PatchSiren cyber security CVE debrief
CVE-2026-10106 Mattermost CVE debrief
CVE-2026-10106 is a vulnerability in Mattermost that allows an authenticated user without access to a private channel to trigger interactive post actions on posts in that channel. The vulnerability occurs because Mattermost fails to verify that the channel referenced in an action cookie matches the channel of the target post. This allows an authenticated user without access to a private channel to trigger interactive post actions on posts in that channel via a cookie obtained from any accessible channel. The vulnerability affects Mattermost versions 11.7.x <= 11.7.2, 11.6.x <= 11.6.4, and 10.11.x <= 10.11.19.
- Vendor
- Mattermost
- Product
- Unknown
- CVSS
- MEDIUM 6.5
- CISA KEV
- Not listed in stored evidence
- Original CVE published
- 2026-07-13
- Original CVE updated
- 2026-07-13
- Advisory published
- 2026-07-13
- Advisory updated
- 2026-07-13
Who should care
Users of Mattermost versions 11.7.x <= 11.7.2, 11.6.x <= 11.6.4, and 10.11.x <= 10.11.19 should be aware of this vulnerability and take steps to mitigate it. This includes updating Mattermost to a version that is not vulnerable, restricting access to sensitive channels, and monitoring for suspicious activity.
Technical summary
The vulnerability occurs because Mattermost fails to verify that the channel referenced in an action cookie matches the channel of the target post. This allows an authenticated user without access to a private channel to trigger interactive post actions on posts in that channel via a cookie obtained from any accessible channel. The vulnerability affects Mattermost versions 11.7.x <= 11.7.2, 11.6.x <= 11.6.4, and 10.11.x <= 10.11.19. There is no evidence of exploitation in the wild.
Defensive priority
Medium
Recommended defensive actions
- Update Mattermost to a version that is not vulnerable
- Restrict access to sensitive channels
- Monitor for suspicious activity
- Review compensating controls for exposed systems while remediation is scheduled and verified
- Check relevant monitoring, detection, and logs for exposed assets that need extra review
- Track exceptions, retest remediated assets, and close the item only after evidence is documented
- Confirm whether affected product deployments exist in managed environments and assign an owner for follow-up
Evidence notes
The CVE record was published on 2026-07-13T09:16:23.770Z and has not been modified since then.

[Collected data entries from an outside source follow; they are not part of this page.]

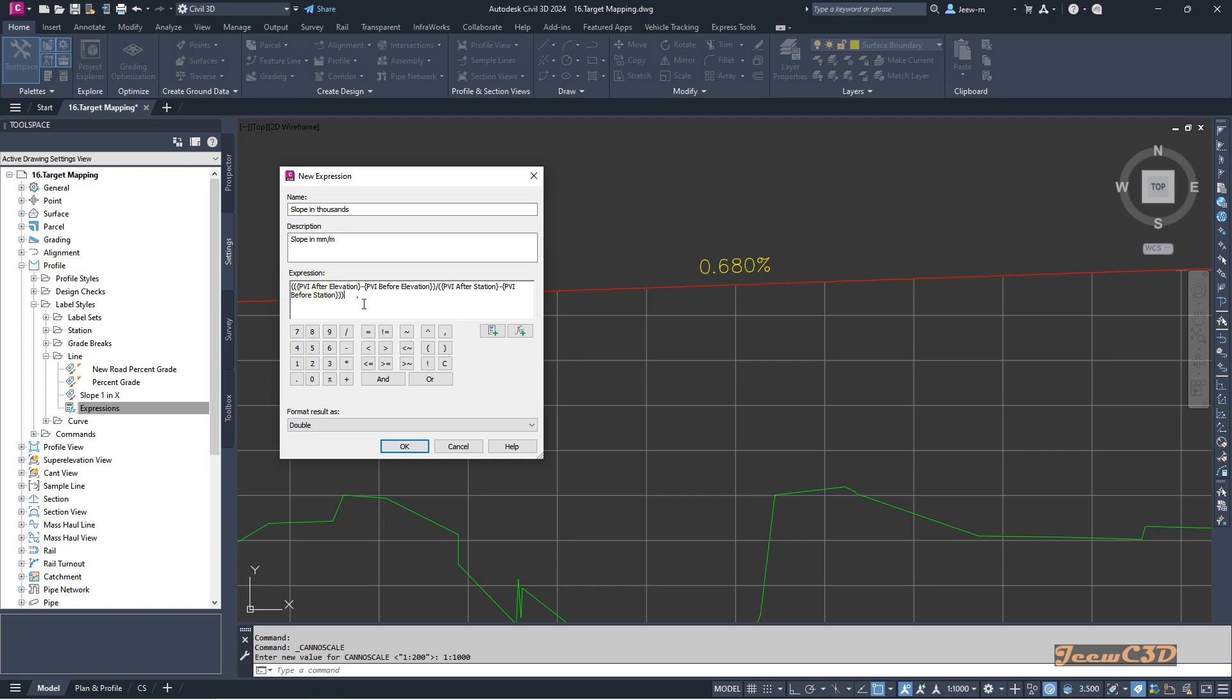If you are going to use percentage, you multiply by 100 to get the percentage. To get thousands, you multiply by 10. So I will multiply this by 10 at the start.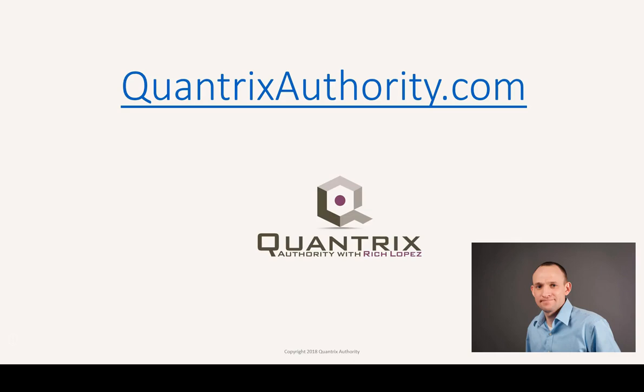I love Quantrix and I want to make you a Quantrix master. Go to QuantrixAuthority.com to learn more.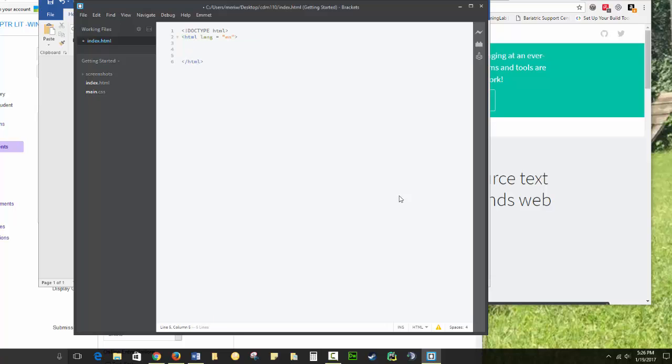Then you can hit Enter a couple times. So you'll notice that for every opening tag, we usually have a closing tag. About 95% of HTML tags have both opening and closing tags. There are a few that don't, like the doctype HTML, and you'll sort of get used to those as you go along.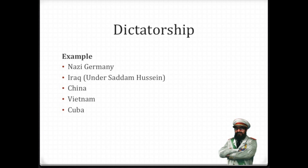Examples of dictatorship include Adolf Hitler in Nazi Germany, Saddam Hussein in Iraq, Mao Zedong in China, Vietnam, and Fidel Castro in Cuba.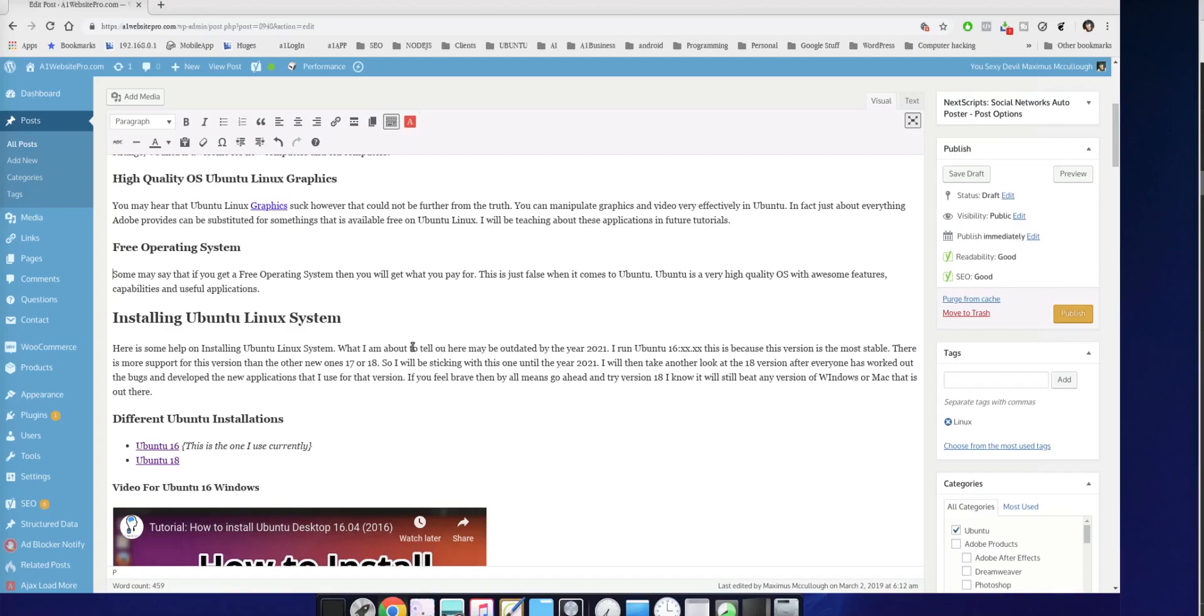All right, guys, this is Max with AbleWebsitePro. If you enjoyed this video, if I helped you out, please like, share, and subscribe, and I'll see you in the next one.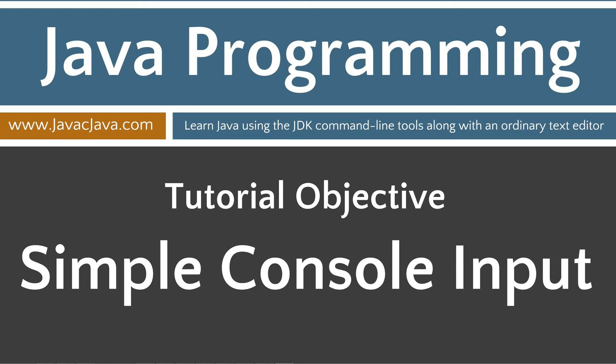All the source code for each video tutorial is located on my website at javacjava.com. Throughout my tutorials, I will teach you Java using just Notepad and the command prompt.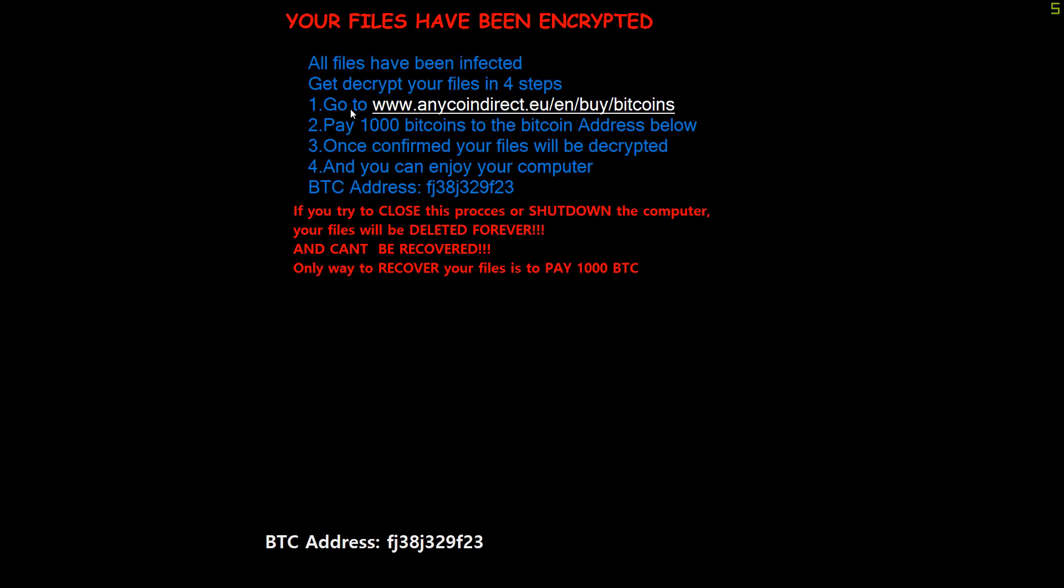And boom, as you can see, your files have been encrypted, right? But then it says all files have been infected. So wait a minute. Did you encrypt my files or infect them? Then it says get decrypt your files in four steps. Huh? Go to buy bitcoins.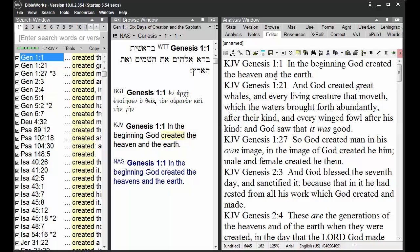So we have two ways to make changes to the size of text in BibleWorks. As you see, these two can be adjusted together to set up BibleWorks to your liking.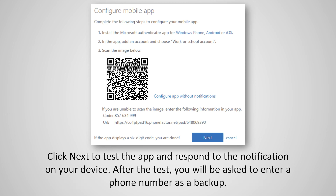Click Next to test the app and respond to the notification on your device. After the test, you will be asked to enter a phone number as a backup.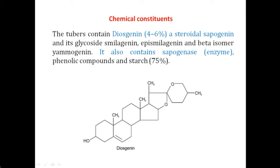Looking at the structure of diosgenin, it shows the presence of the steroidal nucleus — the cyclopentanophenanthrene ring. This steroidal nucleus is required for the synthesis of all hormones in the body, including sex hormones and progesterone. Therefore, diosgenin acts as a very good precursor for the biosynthesis of progesterone and sex hormones present in our bodies.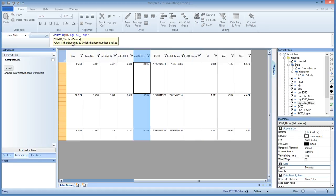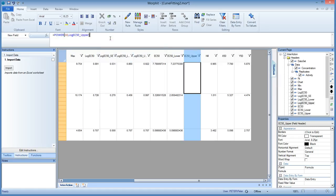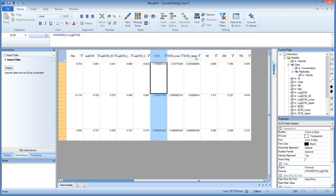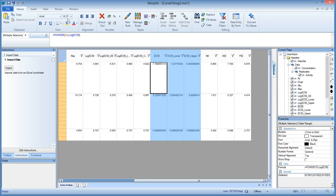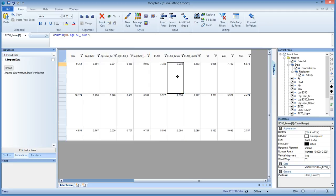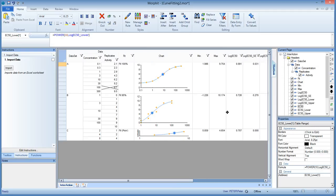And you only need to do this once to get to a nice production binder, of course. And this is right. Here we are. Now we have the EC50, and its lower and upper confidence interval.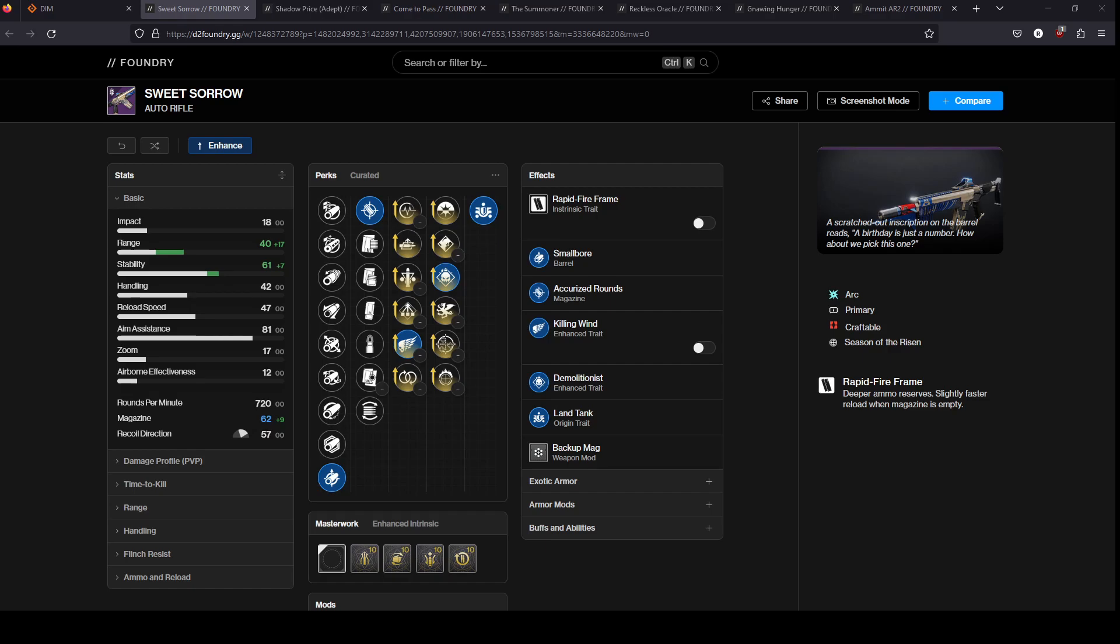Today I'm gonna cover a whole bunch of energy auto rifle options. Some of them to be clear are not currently acquirable or you've got to kind of pray to RNG or that Zur brings them. I think they're worth keeping an eye out for if they're ever made reacquirable. Specifically in this case the Summoner and Shadow Price are not currently acquirable, but if they ever come back their stats are just really good. So they're worth keeping an eye out for.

The NVD entry is currently Received. The vulnerability affects Mattermost versions 11.7.x <= 11.7.2, 11.6.x <= 11.6.4, and 10.11.x <= 10.11.19. There is no evidence of exploitation in the wild. The CVE record was assigned by CVE.org.
Official resources
-
CVE-2026-10106 CVE record
CVE.org
-
CVE-2026-10106 NVD detail
NVD
-
Source item URL
nvd_modified
- Source reference
AI-assisted PatchSiren debrief based on the supplied source corpus. The CVE record was published on 2026-07-13T09:16:23.770Z and has not been modified since then.